Unfortunately, it's not working too well at least from what my eyes detect. I've been throughout the "hood" sections of Chicago and needless to say you won't drive too far before someone throws up the universal "I got weed sign." For those of you unfamiliar it's simply putting your fingers to your mouth as if imitating you're smoking. So just in case you ever find yourself lost and driving through the "hood" if you see someone doing this don't worry it's not a gang sign. They just want you to know that if you're looking to buy weed, marijuana, green or whatever clever nickname you want to call it they got it. Funny thing is that I work and live in the suburbs but I was recently walking home from work and I walked past a Caucasian young man and heard him yelling "Hey!" Not knowing who he was talking to I kept walking he then yelled louder and I looked back and noticed he was talking to me. So I stopped and asked "what's up?" The guy then proceeds to ask if I have or know where he can get weed from? I quickly answered no to both and proceeded to take my black ass home. Well the black ass part was I'm sure part of why he chose to assume I had weed or knew where he could get some. I could go deeper into this stereotyping but that's probably best fit for another blog all by itself. But just goes to show you that you don't have to be in the heart of the ghetto to be confronted with drugs and drug use.

So back to the war on drugs, that's where we were. Well there's one tactic that I've discussed with my brother and a few others that I don't believe the DEA has used in their efforts to keep drugs off the streets. What I continue to say is we need to find out who makes and supplies the "baggies." Yes those small bags that fit only a nickel or dimes worth of drugs in them is exactly what I'm referring to. I'm no drug expert so please don't take what I'm saying as evidence I deal or use drugs because I don't. But being young and black and having lived in the inner city and still knowing people that do you get exposed to some things. Therefore, I know that to make certain drugs there are certain products you can use such as a scale, baking soda, razor blades. Well those are common items that you can basically pick up at any grocery store. However, I've never seen the little "baggies" in aisle 3 of the grocery store along with the sandwich bags and foil. Or maybe it's just me they are pretty small so maybe I've just missed them, but I doubt it. I just have never seen them used for anything else ever, so if they had another practical use then I could understand them being produced but I just don't have one. Then some even dare to have the marijuana leaf symbol on the outside of the bag. Come on now you can't tell me there is another use for such a bag. I mean it's bad enough that drug users are getting swindled as is. Well so I've heard, my parents have occasionally mention how a nickel bag back in the day was a sandwich bag full of weed now they're reduced to this small ass "baggy." Talk about inflation LOL.
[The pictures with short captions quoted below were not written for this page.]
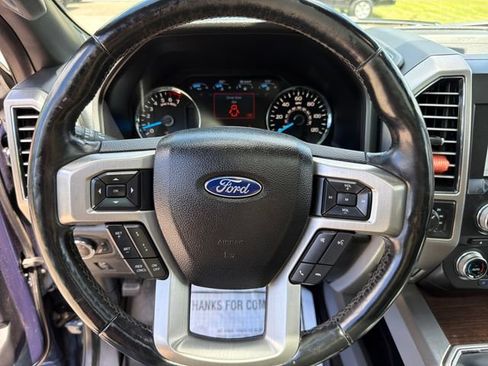 Used 2017 Ford F150 Platinum w/ Equipment Group 701A Luxury AWD/4WD image 15
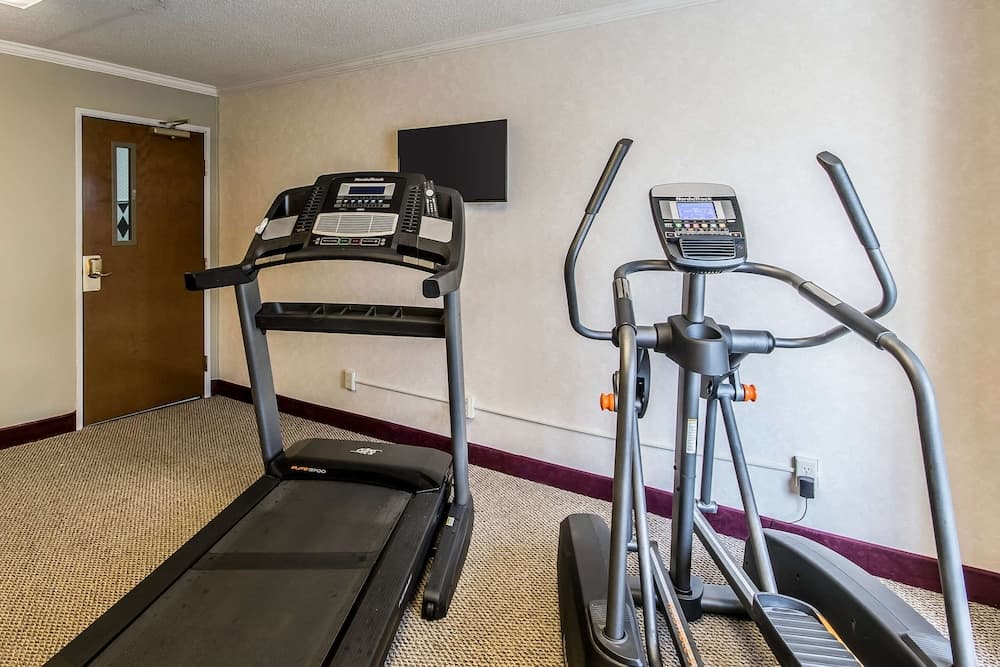Quality Inn & Suites Evansville North interior in Evansville, IN — gallery photo 2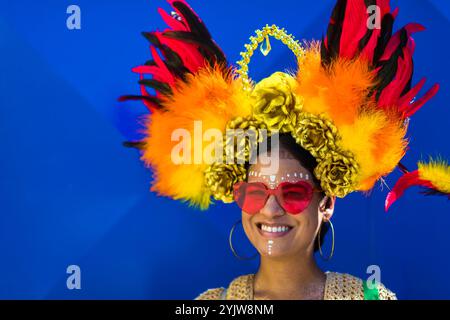 Eine kolumbianische Tänzerin, die ein gefiedertes Stirnband trägt, nimmt an der Batalla de Flores Teil, der großen Parade des Karnevals in Barranquilla, Kolumbien. Stockfoto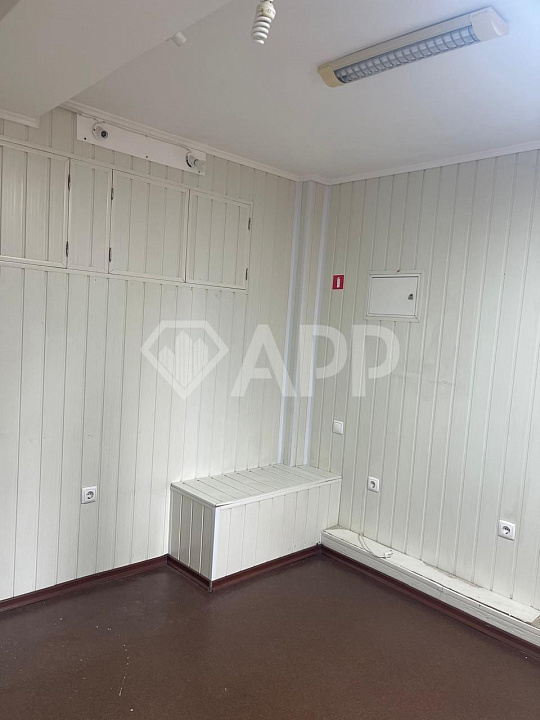 Здание в жилом массиве 980 м2 фото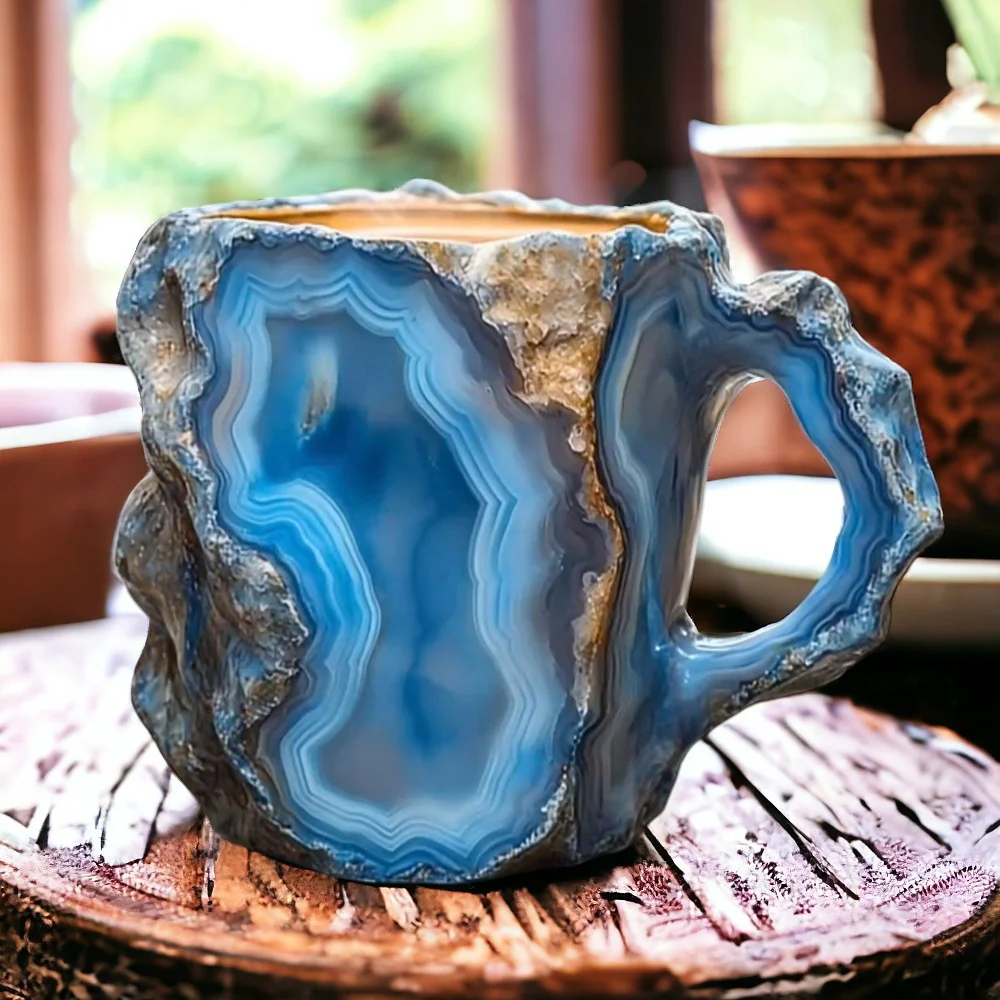 Ciesz się kawą i herbatą z unikalnego, ręcznie robionego kubka ceramicznego 350 ml.
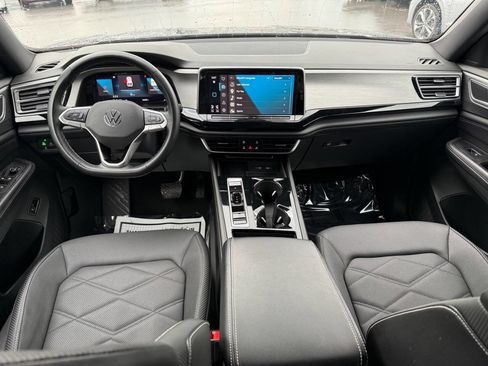 Used 2024 Volkswagen Atlas Cross Sport SE image 19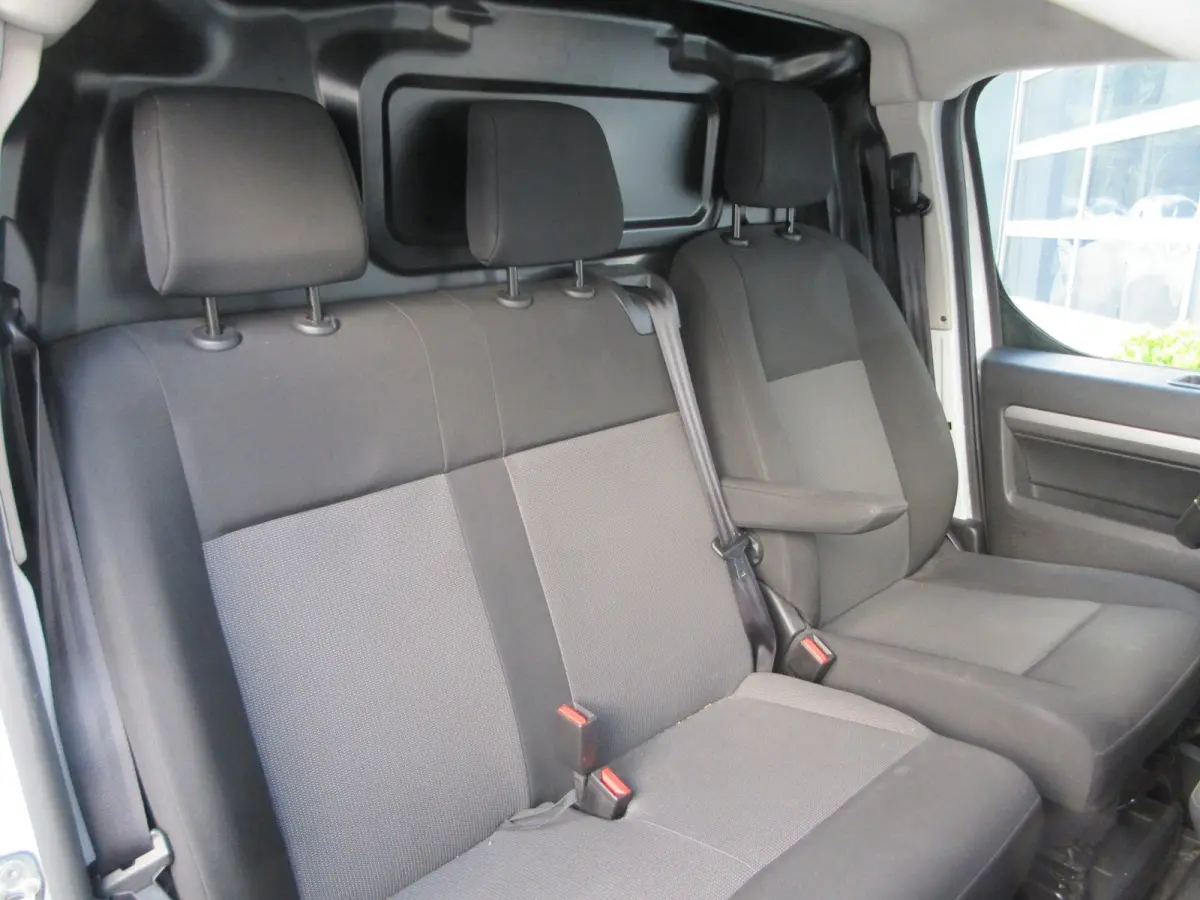 2.0, 177pk, L3, Euro6, Airco, Navigatie, Stuurverwarming, PDC. 3-Zits.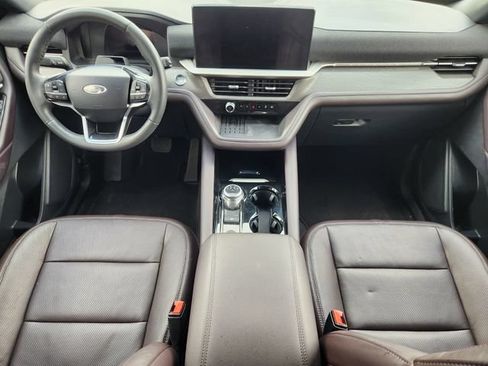 Used 2025 Ford Explorer Platinum w/ LUX Leather Package AWD/4WD image 23
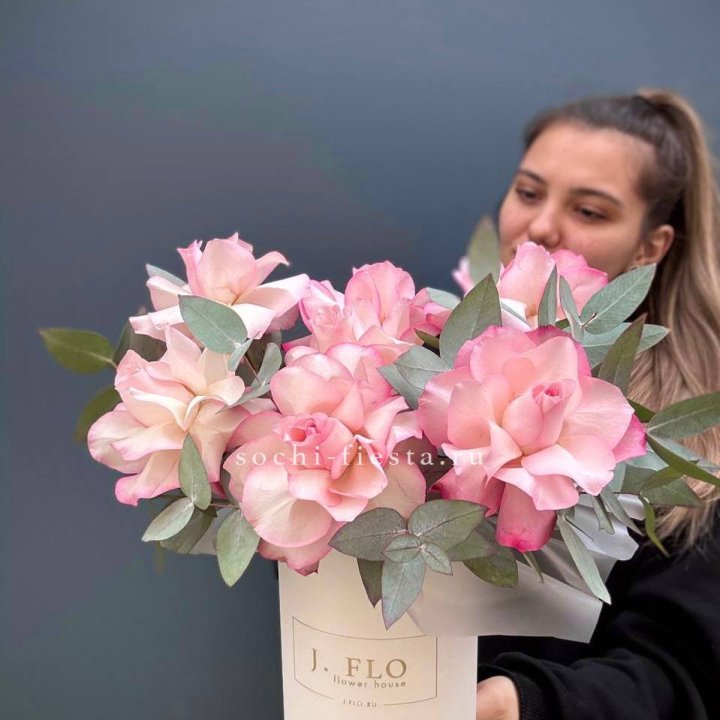 7 Французских роз в боксе в Таганроге
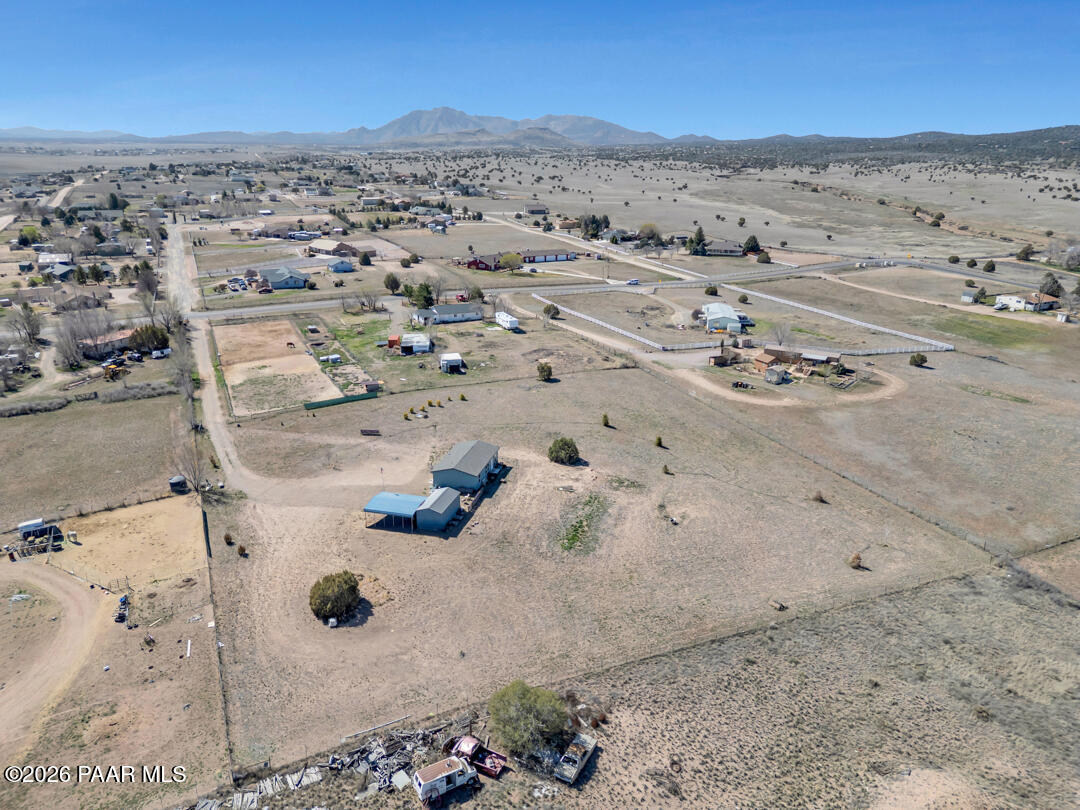2868 W Road 3 N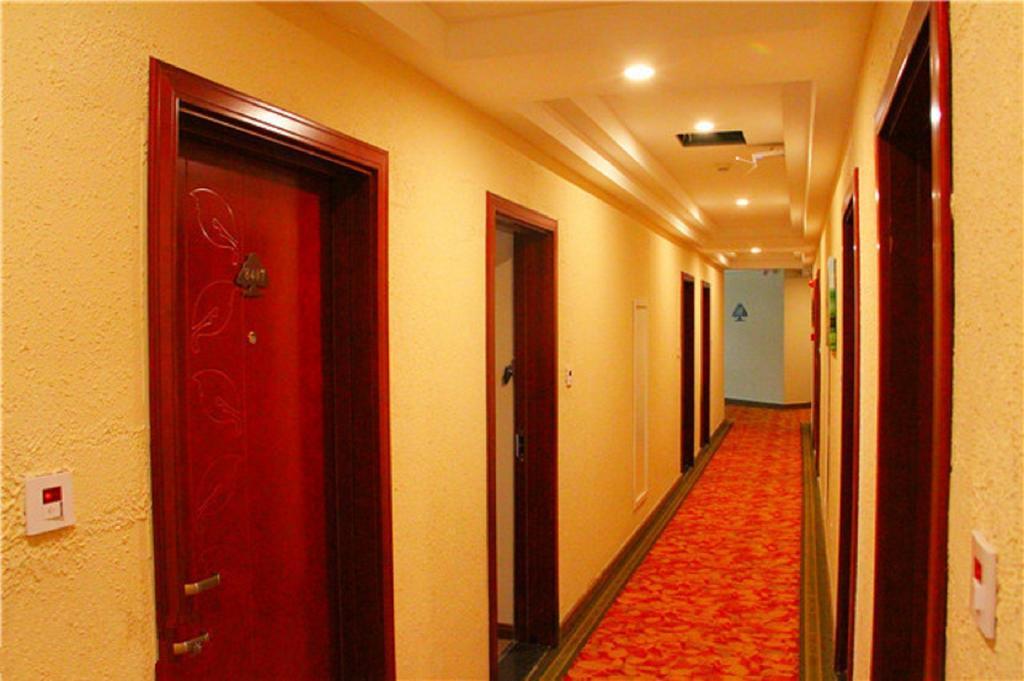 Greentree Inn Sanya He Ping Street Hotel Esterno foto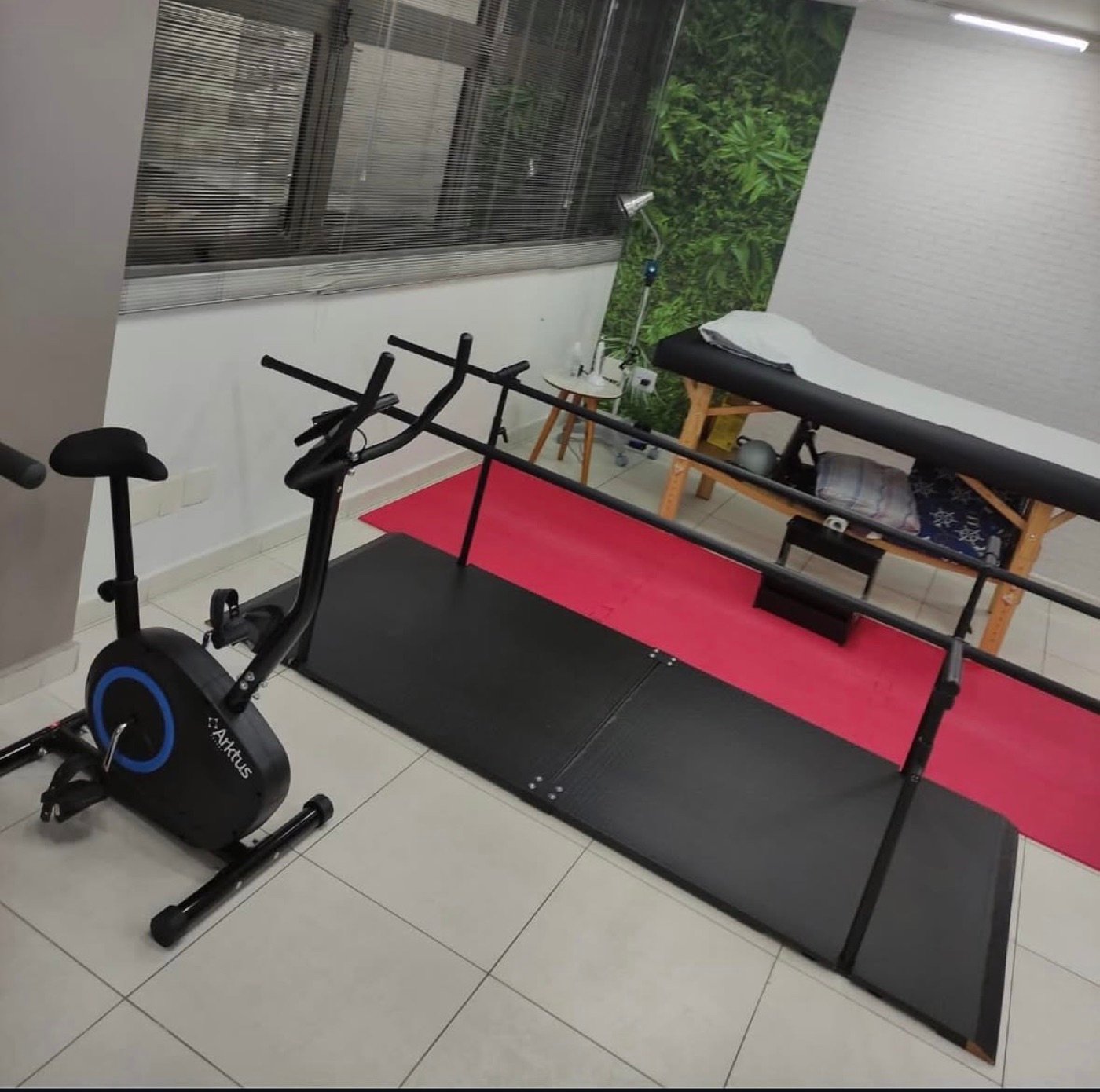 Sala de fisioterapia da Clínica Mandira, com equipamentos de reabilitação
But basically my theory is wherever dealers are getting these baggies from can lead to someone that has a connection with a lot of dealers. Now will it work or not I don't know, but to me if you haven't at least tried it then hell it's worth a try. But perhaps they have and figured the baggies were irrelevant to stopping the war on drugs. Now yes I'm positive that if they eliminate the suppliers of the little "baggies" that the dealers will use something else to package their drugs in. Anything from sandwich bags, to foil, to paper, plastic wrap, to tissue, bubble gum wrappers, etc. By no means am I saying it will solve the war on drugs single handedly but I think it would maybe give them inside access to some of the low level people and perhaps give them a chance to move their way up the ladder.

Well all in all I feel that drugs will always be in our society no matter how many billions the Government spends on the war on drugs. So ultimately there is nothing D.A.R.E. or removing little baggies can or will do to stop drugs and drug usage. However, when my child is as of age I do hope that programs like D.A.R.E. still exist. Although I don't expect them to my job as a parent, but I think it's a great way to begin the prevention and awareness especially in school where I won't be. But as a parent I will do the best I can to keep him as far away from drugs as I can.